Media channels, such as audio and video channels, have long been transmitted using application specific cables. More recently, media signals have been transmitted on computer based networks using protocols such as unicast or multicast. Unicast is a method of sending data packets on a computer network to a single destination. Multicast is a protocol for efficiently sending data streams to multiple receivers at the same time on TCP/IP networks by use of a multicast address.
FIG. 1 illustrates a block diagram of a basic infrastructure for a unicast data packet transmission over an IP network. As shown, the transmitting device 10 (e.g., a server) can receive an input stream, such as a video stream, and transmit the data stream as a sequence of data packets in a uncast transmission, for example, over one or more networks 30 to a receiving device 20. One technical problem with this type of existing infrastructure is that in many instances, the one or more networks 30 may be unreliable, which leads to at least a portion of the data packets being lost in transmission.
FIG. 2A illustrates a flow diagram for data packets of the conventional infrastructure shown in FIG. 1. Typically, transmitting device 10 (i.e., the “sender”) can transmit data packets using the UDP (“User Datagram Protocol”) protocol. With this protocol, sender 10 can send messages (i.e., “datagrams”) to the receiving device 20 (i.e., the “recipient”) over an IP network. Advantageously, prior communications are not required in order to set up transmission channels or data paths through the IP network. FIG. 2A illustrates a simple case where sender 10 can send a single packet “P” of data (shown as “S1”) to recipient 20. While the UDP protocol provides checksums for data integrity, it has no handshaking dialogues and exposes the data transmission to any unreliability of the IP network. As a result, there is no guarantee of delivery, ordering, or duplicate protection.
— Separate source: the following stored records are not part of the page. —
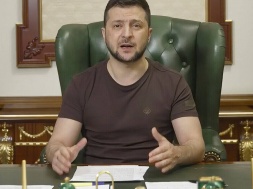 Зеленский подписал указ о продлении военного положения на Украине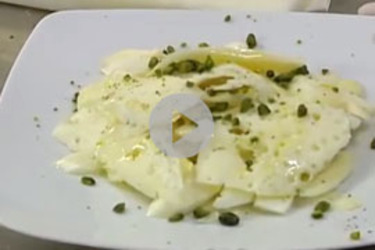 Carpaccio di Asiago con cruditè di asparagi di Bassano e pistacchi di Bronte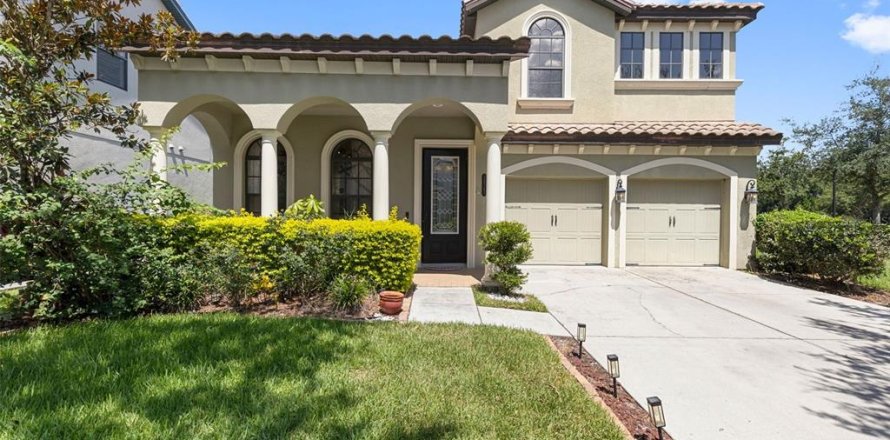 House in Tampa, Florida 4 bedrooms, 278.34 sq.m. № 1885014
Furthermore, the sender 10 may transmit the data packets using the DTLS (“Datagram Transport Layer Security”) communication protocol to provide communications security for the UDP data packets. In this regard, DTLS allows datagram-based applications to communicate in a way that is designed to prevent eavesdropping, tampering, or message forgery. However, the DTLS communication protocol, like UDP, also has to deal with packet reordering, loss of datagrams due to unreliable networks, and the like.
FIG. 2B illustrates a flow diagram of the conventional infrastructure shown in FIG. 1 in which the sender 10 transmits three separate data packets S1, S2 and S3 in sequence. As shown, due to the problems noted above, it is possible that one or more of the data packets (in this case packet S2) is lost during transmission if the underlying IP network is unreliable. As a result, the recipient 20 only receives data packets S1 and S3. Thus, while UDP and DTLS communication protocol provide certain benefits, such as avoiding overhead of processing at the network interface and for time-sensitive applications, these protocols do not have control of datagram delivery, which often results in packet loss in unreliable networks. Moreover, there is no possibility to resend these lost packets using these protocols.
In view of these problems, other protocols and standards have been developed that address the lost packet issue by transmitting a separate packet and/or separate stream to the receiving device. For example, media networks can allow for redundant media packet streams to be transmitted and received, using, for example, the SMPTE 2022-7 communication standard that duplicates the input stream and sends it via two different paths to the destination receiver. However, these technologies are quite complicated and add significant levels of processing and complexity at both the sender 10 and recipient 20.
Accordingly, a system and method is needed for reliably transmitting data using the UDP and DTLS protocols over an otherwise unreliable network.